Bell’s research in the 2000s focused on the sources of protein in islanders’ diets. Fish, he and his colleagues found, account for 50-90 per cent of animal-based protein in the Pacific Islands, where, like in Seychelles, many communities rely on coral reef fisheries.

But today, the focus of research on nutrition related to coral reefs has shifted, he said.

“Quite rightly,” Bell said, “there’s been a real emphasis on the micronutrients because, where they are lacking in diets, they can really have very deleterious effects.”

He said the study was “an important piece of work” and “well done.”

Diets without enough of the minerals looked at in this study, and other nutrients such as vitamins, contribute to what coral reef ecologist Kirsty Nash calls a “hidden hunger.” These micronutrients are vital for things like brain development and are especially important for children and pregnant women.

Nash, a research fellow at the University of Tasmania, called the research “super exciting.” She noted that teasing apart the effects of changes that occur after bleaching is critical.

“Understanding what those novel ecosystems are going to provide to us is a really important step,” Nash said.

Still, she said, more research is needed to sort out the consequences of bleaching on a broader scale.

“There’s a range of other potential outcomes of bleaching that could affect the fish community in a different way,” Nash said. For example, bleached reefs aren’t always taken over by seaweed.

“Some of them just end up in rubble,” she added.

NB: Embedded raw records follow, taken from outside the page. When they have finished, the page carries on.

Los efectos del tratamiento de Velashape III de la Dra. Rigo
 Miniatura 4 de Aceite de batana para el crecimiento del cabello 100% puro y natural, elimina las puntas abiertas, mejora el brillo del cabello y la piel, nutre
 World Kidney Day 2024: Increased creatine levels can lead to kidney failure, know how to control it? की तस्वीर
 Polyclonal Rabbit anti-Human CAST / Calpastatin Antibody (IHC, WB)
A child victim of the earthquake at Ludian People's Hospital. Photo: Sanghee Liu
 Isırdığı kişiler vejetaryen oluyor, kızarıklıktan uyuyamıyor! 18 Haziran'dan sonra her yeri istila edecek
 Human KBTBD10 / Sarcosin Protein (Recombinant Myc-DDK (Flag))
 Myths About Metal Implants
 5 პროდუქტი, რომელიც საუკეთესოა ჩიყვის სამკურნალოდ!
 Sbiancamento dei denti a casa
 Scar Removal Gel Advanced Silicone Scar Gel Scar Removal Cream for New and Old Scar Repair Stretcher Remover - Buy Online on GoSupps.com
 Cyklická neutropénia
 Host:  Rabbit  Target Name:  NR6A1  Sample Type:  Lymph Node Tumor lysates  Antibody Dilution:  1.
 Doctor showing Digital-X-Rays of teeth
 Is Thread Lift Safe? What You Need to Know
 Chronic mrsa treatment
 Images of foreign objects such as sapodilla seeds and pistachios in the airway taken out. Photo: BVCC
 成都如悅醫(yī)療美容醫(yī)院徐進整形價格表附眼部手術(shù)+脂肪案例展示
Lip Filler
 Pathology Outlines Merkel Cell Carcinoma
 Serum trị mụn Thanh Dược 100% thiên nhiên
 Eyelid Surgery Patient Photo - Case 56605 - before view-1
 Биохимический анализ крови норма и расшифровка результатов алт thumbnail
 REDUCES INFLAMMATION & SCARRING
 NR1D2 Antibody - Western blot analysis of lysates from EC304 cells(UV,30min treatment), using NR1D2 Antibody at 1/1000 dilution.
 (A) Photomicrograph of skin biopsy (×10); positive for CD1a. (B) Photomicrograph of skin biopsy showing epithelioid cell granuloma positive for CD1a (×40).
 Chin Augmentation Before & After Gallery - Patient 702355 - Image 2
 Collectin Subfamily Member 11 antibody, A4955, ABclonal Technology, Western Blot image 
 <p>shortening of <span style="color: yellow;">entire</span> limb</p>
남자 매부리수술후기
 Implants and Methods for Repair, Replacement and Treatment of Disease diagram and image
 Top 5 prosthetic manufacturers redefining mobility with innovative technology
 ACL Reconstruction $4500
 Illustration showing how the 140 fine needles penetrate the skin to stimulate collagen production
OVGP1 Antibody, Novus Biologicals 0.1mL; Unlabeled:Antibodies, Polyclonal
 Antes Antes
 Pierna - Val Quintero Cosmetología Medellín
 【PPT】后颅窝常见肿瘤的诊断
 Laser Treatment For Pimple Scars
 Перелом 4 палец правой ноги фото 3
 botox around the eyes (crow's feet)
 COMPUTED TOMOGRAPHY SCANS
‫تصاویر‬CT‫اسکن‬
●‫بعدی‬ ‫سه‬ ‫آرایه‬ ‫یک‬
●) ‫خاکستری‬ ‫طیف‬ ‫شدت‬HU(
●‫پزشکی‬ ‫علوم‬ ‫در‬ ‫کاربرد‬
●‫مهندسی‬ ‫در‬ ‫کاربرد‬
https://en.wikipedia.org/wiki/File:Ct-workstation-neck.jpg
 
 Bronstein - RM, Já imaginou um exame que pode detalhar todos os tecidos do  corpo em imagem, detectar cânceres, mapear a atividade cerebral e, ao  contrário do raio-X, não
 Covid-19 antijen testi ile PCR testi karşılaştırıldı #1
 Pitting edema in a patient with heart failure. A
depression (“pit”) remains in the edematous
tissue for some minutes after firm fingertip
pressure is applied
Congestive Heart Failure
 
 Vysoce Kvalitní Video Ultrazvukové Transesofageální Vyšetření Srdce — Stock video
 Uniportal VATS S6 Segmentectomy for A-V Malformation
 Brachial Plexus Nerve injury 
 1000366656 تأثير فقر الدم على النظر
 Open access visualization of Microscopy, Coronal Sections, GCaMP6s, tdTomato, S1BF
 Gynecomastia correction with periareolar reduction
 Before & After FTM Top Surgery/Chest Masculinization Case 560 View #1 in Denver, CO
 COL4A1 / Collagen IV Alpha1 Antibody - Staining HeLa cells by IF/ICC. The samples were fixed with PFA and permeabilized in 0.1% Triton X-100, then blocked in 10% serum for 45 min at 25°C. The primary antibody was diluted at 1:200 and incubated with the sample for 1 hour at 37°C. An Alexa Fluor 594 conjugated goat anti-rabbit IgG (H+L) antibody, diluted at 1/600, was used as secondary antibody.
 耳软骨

And questions remain about the impact of successive bleaching, as is expected with climate change over the coming century. Seychelles had another mass bleaching event in 2016 at the tail end of the data set used in this study. Robinson said the team hoped to return to Seychelles soon to determine the impact of this latest event.

Prior research has shown that bleaching winnows the diversity of fish species found on a reef — diversity that, as this study shows, plays a vital role in food security for human communities. Bell noted that warmer overall water temperatures have been shown to tinker with fish physiology, potentially impeding their growth and spawning.

Those effects in tandem with bleaching could force communities to change the fish species they target, and it highlights the need to incorporate their dietary requirements into discussions about where to focus efforts to protect reefs, he said.

“We need to conserve the biodiversity,” Bell said, “but we need to do it in a way where they can continue to use it.”

This story was published with permission from Mongabay.com.